<<<<

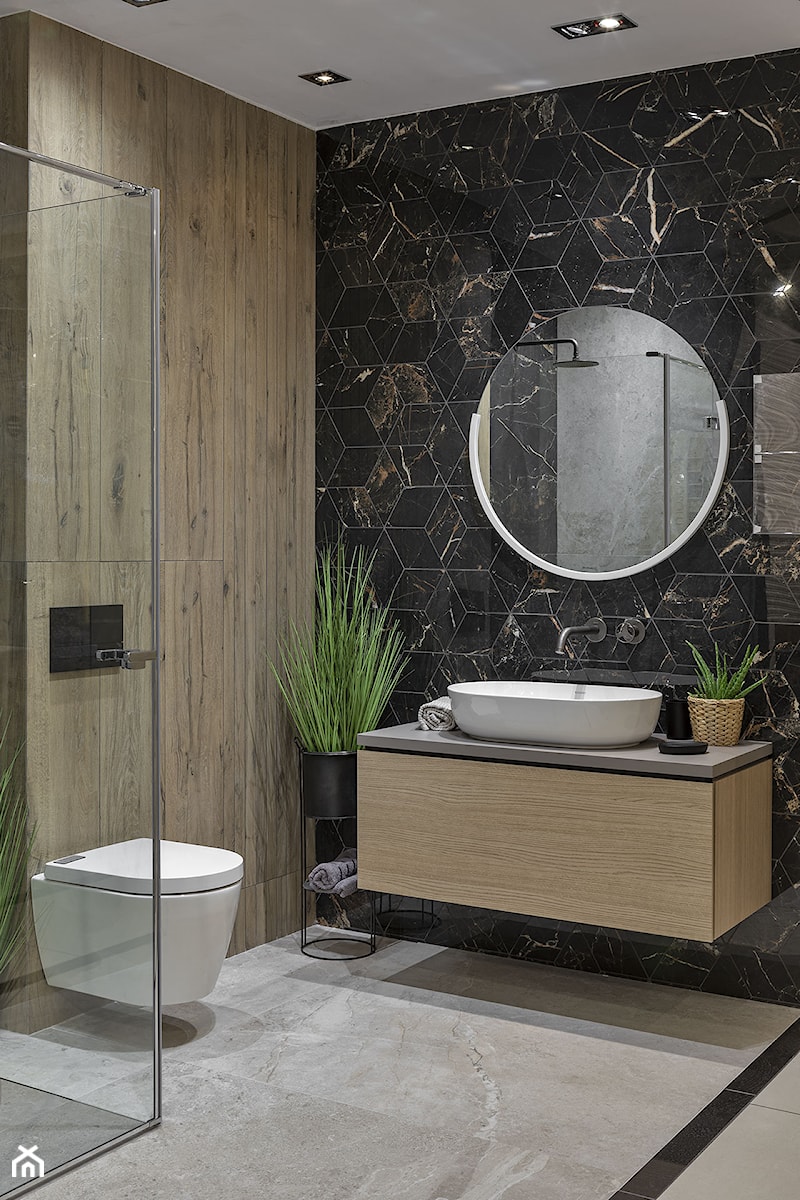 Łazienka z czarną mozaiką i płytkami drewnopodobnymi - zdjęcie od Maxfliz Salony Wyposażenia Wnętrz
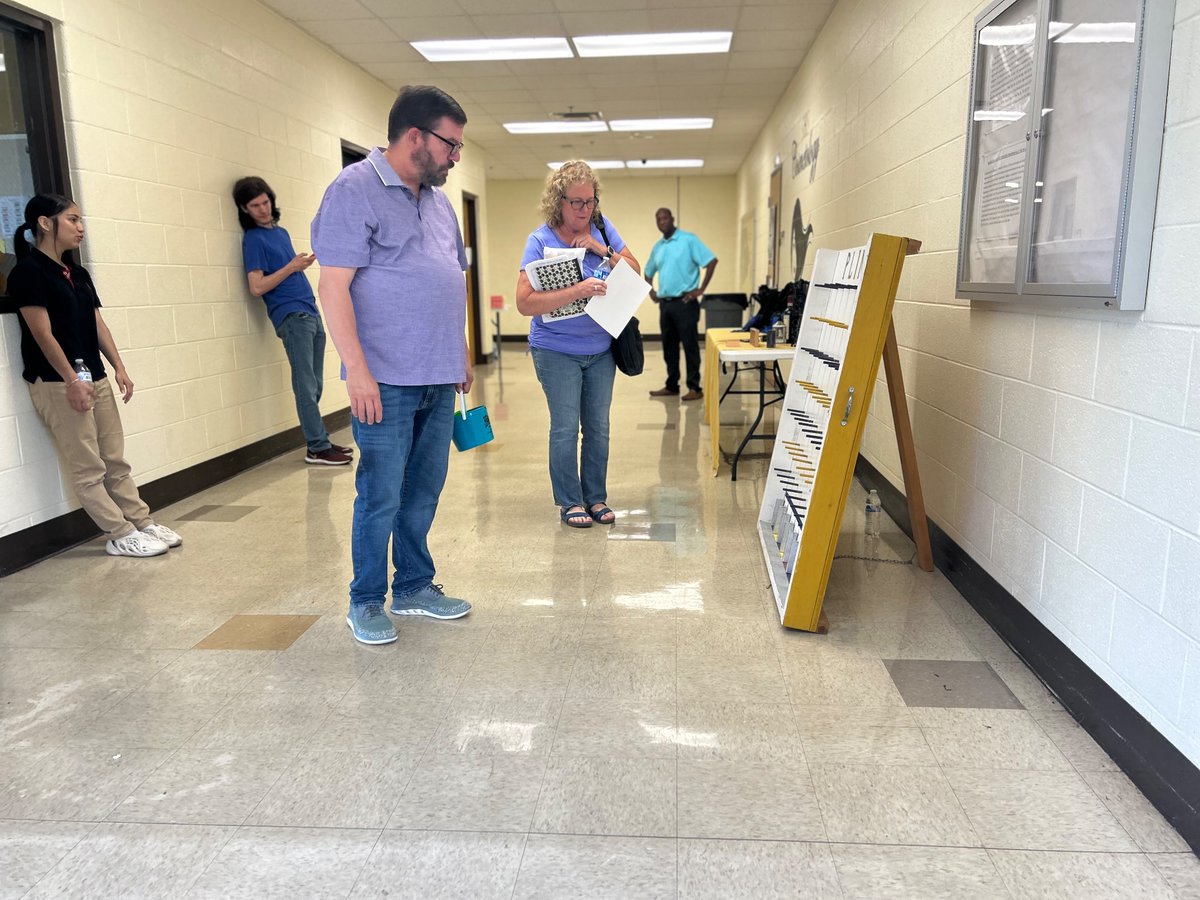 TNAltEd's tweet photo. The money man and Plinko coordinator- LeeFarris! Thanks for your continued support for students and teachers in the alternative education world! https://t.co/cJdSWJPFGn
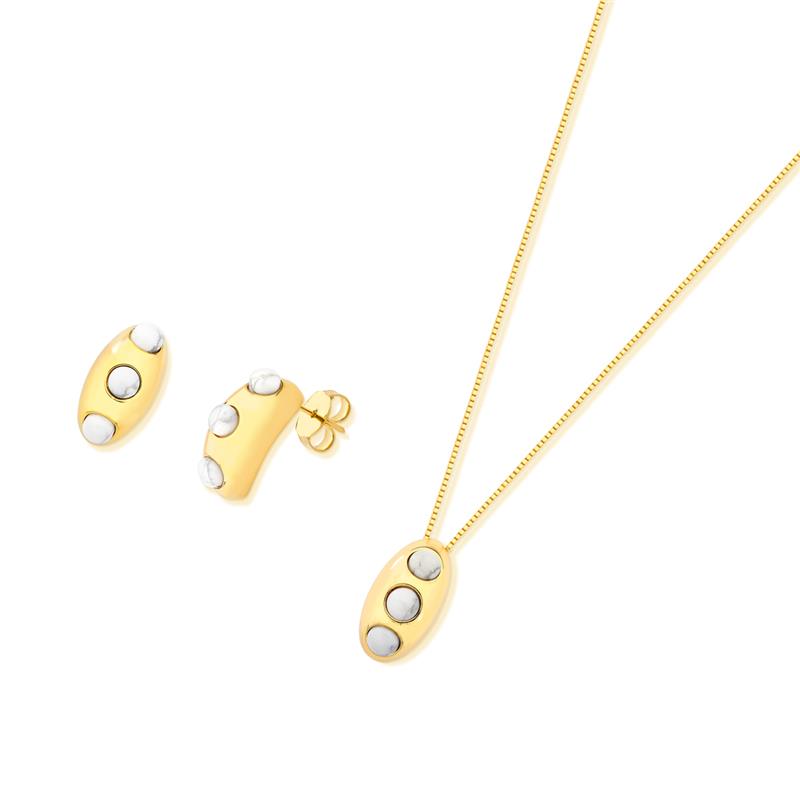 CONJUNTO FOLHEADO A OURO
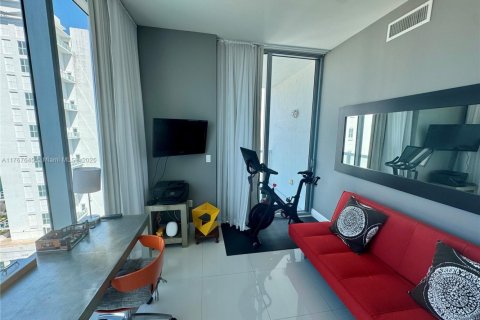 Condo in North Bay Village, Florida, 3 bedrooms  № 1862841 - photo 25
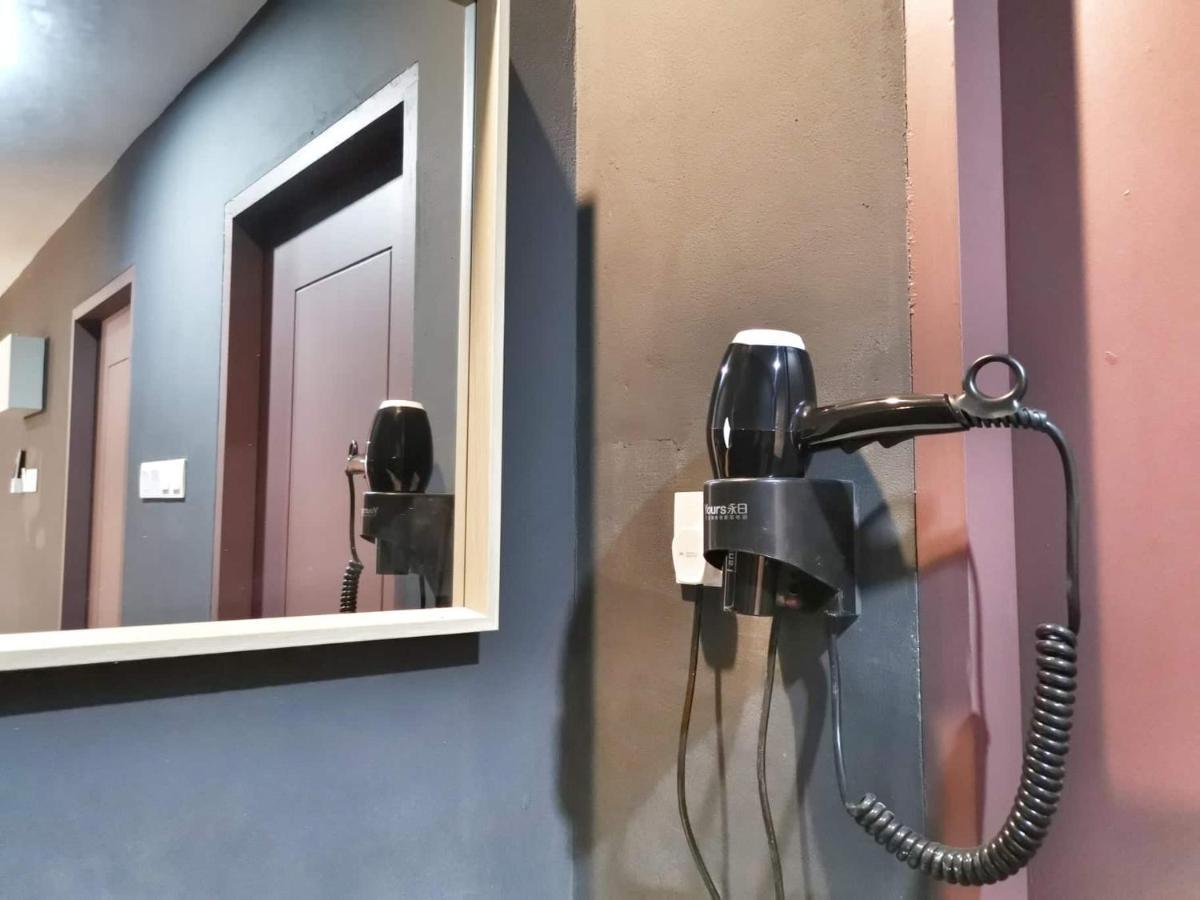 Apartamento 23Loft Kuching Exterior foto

>>>>

> _PROMPT_:
All records must be output exactly as they are, except for the pictures, which are left out.

> _RESULT_:
 Łazienka z czarną mozaiką i płytkami drewnopodobnymi - zdjęcie od Maxfliz Salony Wyposażenia Wnętrz
 TNAltEd's tweet photo. The money man and Plinko coordinator- LeeFarris! Thanks for your continued support for students and teachers in the alternative education world! https://t.co/cJdSWJPFGn
 CONJUNTO FOLHEADO A OURO
 Condo in North Bay Village, Florida, 3 bedrooms  № 1862841 - photo 25
 Apartamento 23Loft Kuching Exterior foto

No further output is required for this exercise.